(Input data)

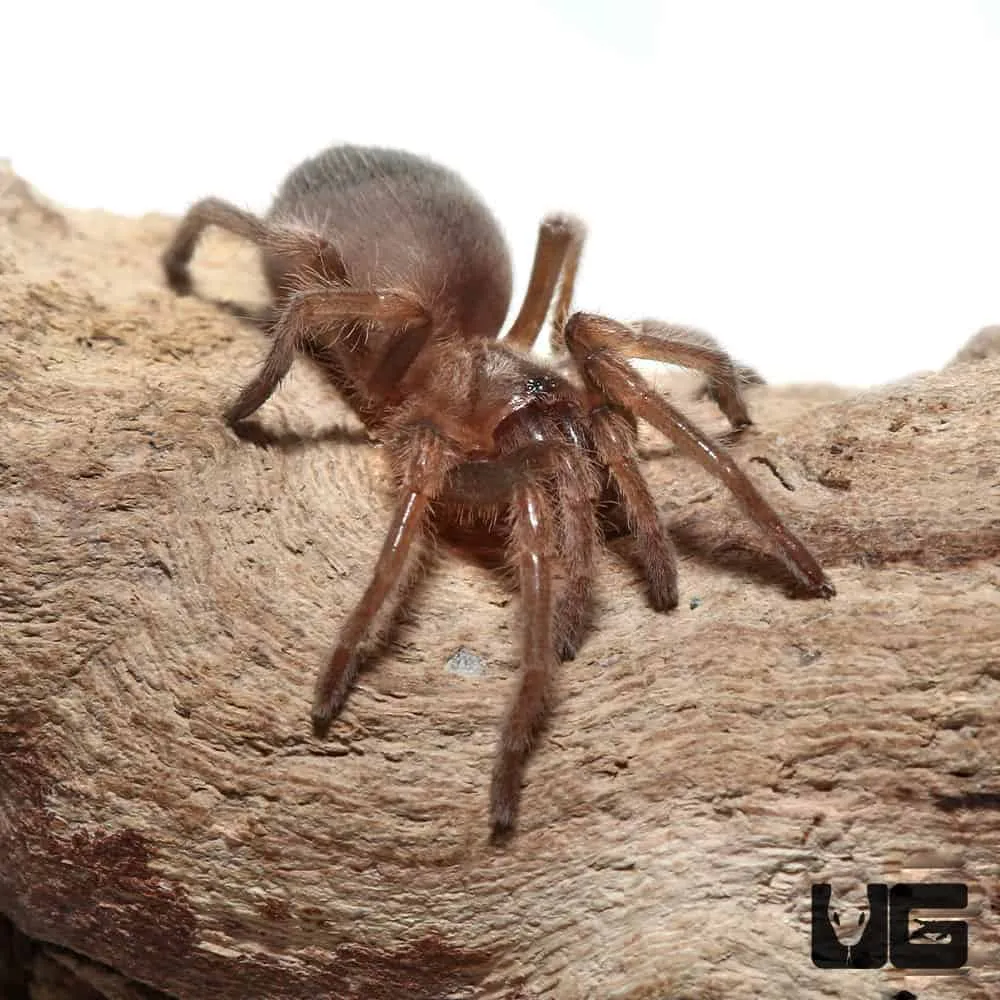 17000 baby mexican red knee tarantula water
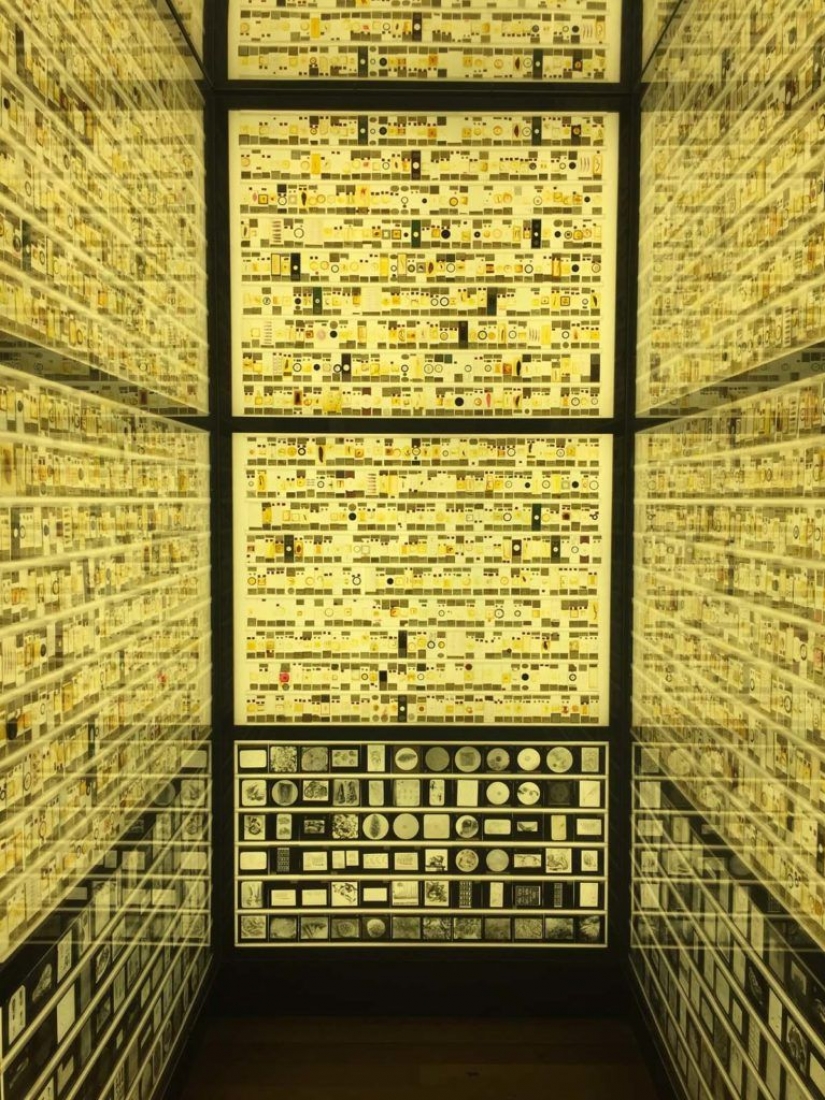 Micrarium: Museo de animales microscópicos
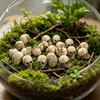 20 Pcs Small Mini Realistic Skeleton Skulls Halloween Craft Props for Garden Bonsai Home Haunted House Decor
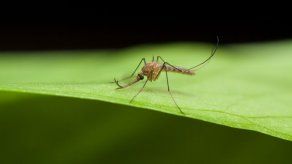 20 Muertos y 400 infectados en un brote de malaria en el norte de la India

(End Input data)

Reproduce the whole listing above word for word, but not its pictures.

*Task solution*.
 17000 baby mexican red knee tarantula water
 Micrarium: Museo de animales microscópicos
 20 Pcs Small Mini Realistic Skeleton Skulls Halloween Craft Props for Garden Bonsai Home Haunted House Decor
 20 Muertos y 400 infectados en un brote de malaria en el norte de la India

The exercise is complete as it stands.